And he did it all while wearing a soft cast on his broken right thumb, which he hurt in last week's home victory against New England. A 6-foot-3, 284-pound former University of Michigan standout, Williams has 27 tackles this season, with 2 1/2 sacks, one fumble forced and one recovered. His 9-yard sack of Lions quarterback Charlie Batch with 2:55 remaining in the first half gave Indianapolis a 16-0 lead. It was the second Colts safety of the season -- right end Chad Bratzke had the other -- and gave the franchise more than one safety for the first time since 1962.
Williams' fumble recovery came after Batch lost control when hit by Bratzke at the Lions 10 with 2:19 remaining in the first quarter. The Colts squandered the scoring opportunity when running back Edgerrin James fumbled through the end zone for a touchback on the ensuing play.
With Williams leading the charge, the Colts shut out the Lions in the first half -- a feat they had not managed against any team since December 1997, against Miami.
"We stuck together as a defense and made some plays when we had to today," Williams said. "I tried to fly around as much as possible. I really take pride in my pursuit to the ball."
3. We know this much in the wake of the Colts' victory: Indianapolis head coach Jim Mora is no Fantasy Football player or point-spread gambler. Why else would Mora publicly chastise himself after the game for not instructing Colts running back Edgerrin James to fall down on purpose before scoring the game-capping 24-yard touchdown run with 1:42 remaining?
On the play, a second-and-9 from the Lions' 24, Mora contended that James should have taken a knee after picking up the first down, thereby allowing the Colts to run out the clock with a 23-18 lead. But Mora blamed himself for not making James aware of the situation.

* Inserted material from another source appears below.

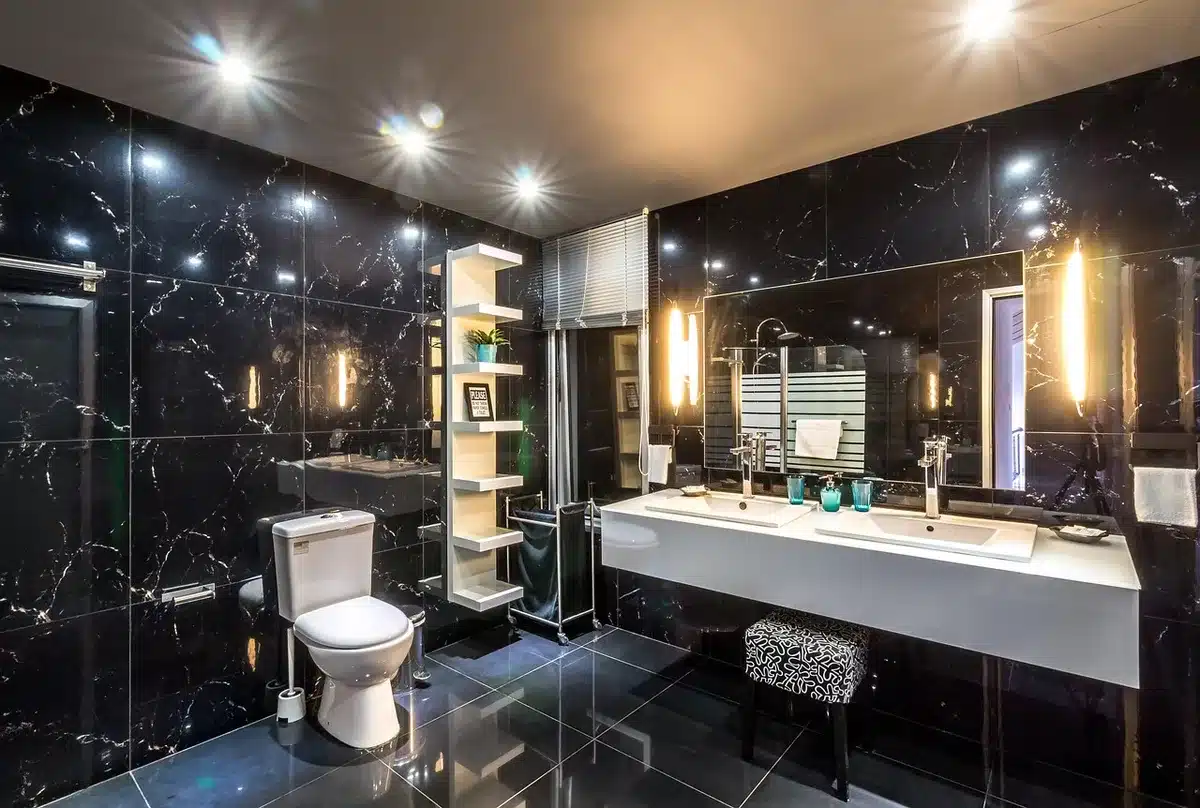 Échantillons de revêtements pour baignoire : marbre, zellige et quartzite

"That was a coaching error on my part," Mora said. "It's something we're going to have to practice. Edgerrin should have dropped on that touchdown. He shouldn't have scored. We make the first down and he goes down, and the game's over. We just run out the clock.
"I'm not blaming him. That's something we didn't cover [in practice]. That could hurt us."
Ah, but the Colts, thanks to James' late touchdown, did cover. The game's final betting line was Indianapolis by 6 1/2 points. And all those Fantasy Football addicts got the benefit of James' only touchdown of the day. As for the Lions, they took possession at the Detroit 25, trailing by 12 points. They moved the ball 49 yards but the drive ended when regulation expired.
James, who finished with 139 rushing yards on 31 carries, afterward expressed surprise that he would even be asked to consider such atypical strategy on his longest run of the game.
"The only thing on my mind is scoring touchdowns and making plays," James said. "I really wasn't aware of [Mora's thinking]. It would have been hard for me to stop because that's an opportunity that you rarely get, to get into the open field and just cruise into the end zone."